その途端、さぁーっと熱い液体のようなものが身体の表面を流れた感じがした。どうやら、先程頬をかすった魔法は、『目くらましの呪文』を解く魔法だったのかもしれない。
だが今更、脚を止めることは出来ない。私は、速度を落とさず走り続ける。最初に狙いを定めた胸の位置は狙いにくい。だが、その代り……別の箇所を狙うことにする。さくっと、ひと思いに殺すより…じわりじわりと浸食されていくような恐怖を感じさせながら殺した方が、目の前にいる翁の最期にはピッタリだ。
ダンブルドアが杖先から何か呪文を放つ。放たれた閃光を何のためらいもなく切り裂くと、そのままの勢いでダンブルドアの右腕を切断する。
真っ赤な生温い血が、私の頬に、制服に飛散した。急には立ち止まれないので、ゆっくりとダンブルドアから距離を置いた場所で立ち止まる。
振り返ってみると、ちょうど私が切断した右腕が杖をしっかり握ったまま、くるくると宙を舞っている。絞めそこなった蛇口の様に、鮮血をほとばしらせながら、円を描くように宙を舞っていた。

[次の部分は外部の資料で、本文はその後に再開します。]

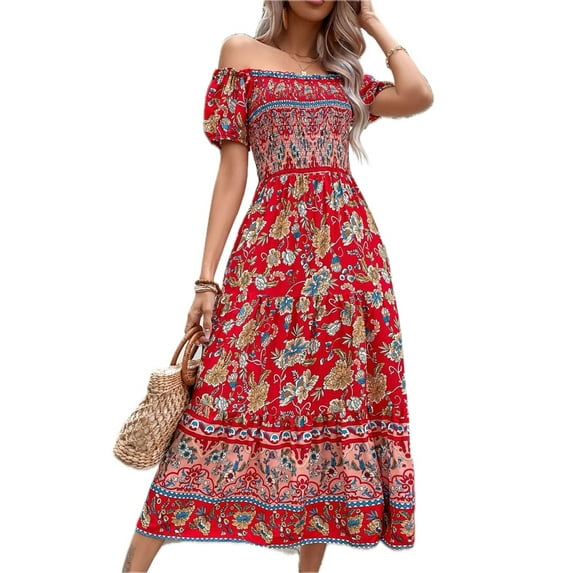 Women's Floral Off Shoulder Smocked Midi Dress 100% viscose Lightweight Vacation Ready Feminine Everyday Dress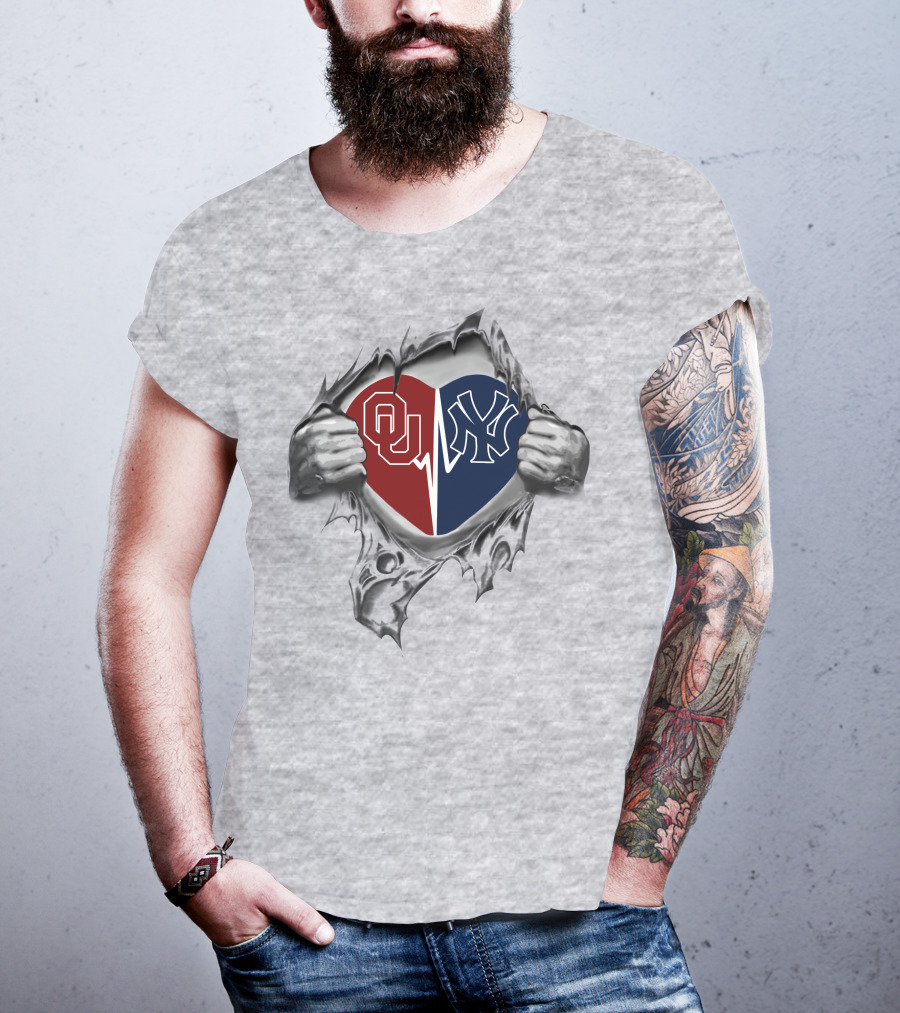 Ou Yankees Heart Split Pride T-Shirt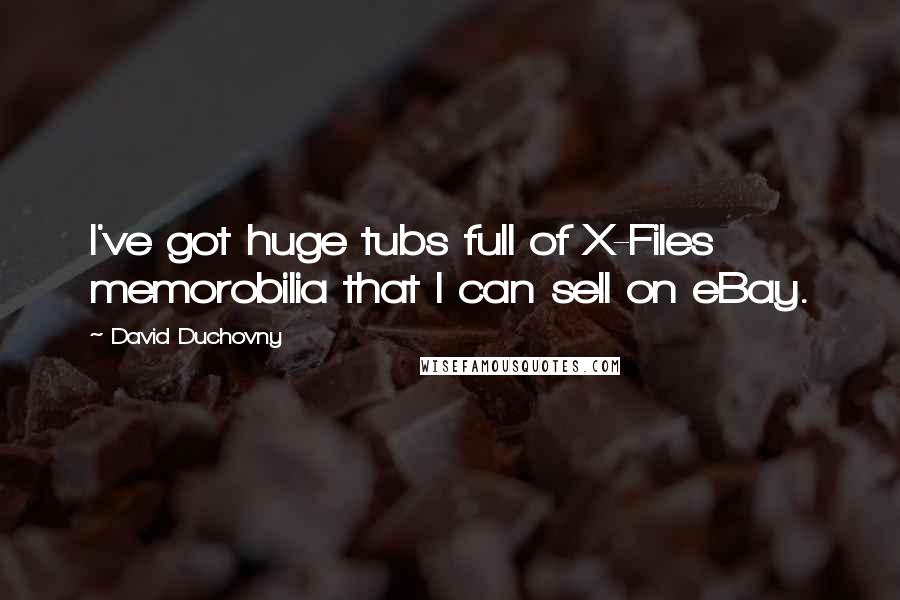 David Duchovny Quotes: I've got huge tubs full of X-Files memorobilia that I can sell on eBay.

生臭い鉄のサビのような臭いが、ダンブルドアのいる方から漂ってくる。
「杖も腕も失ったか。無様だな、ダンブルドア」
ヴォルデモートが面白そうに笑う。ベラトリックスも甲高い、どこか狂喜気味た笑い声をあげた。
ヴォルデモートが軽く杖を振る。すると、ダンブルドアの右腕は床に落ちる前に、勢いよく燃え上がって消滅した。杖は腕とともに黒ずみ、灰になると風にさらわれ…消えてしまった。
「そのままダンブルドアを殺せ、セレネ。それが、お前の望みだろ?」
「…アンタに命じられなくても、老いぼれを殺すつもりだ」
姿勢を立て直して、ナイフを構え直す。
「卑怯者!」
黄金の立像によって壁に押し付けられたハリーが、呻くように叫ぶ。私は一歩前に出しかけた足を止めそうになったが、動きを止めない。
チラリと横目でハリーの方を見る。彼の緑色の瞳は、冷ややかに燃えていた。もはや、たった数時間前まで私に向けていた『仲間』へ対する眼差しではない。敵と定めたを射抜くためだけの眼差し、と言ったらいいのだろうか。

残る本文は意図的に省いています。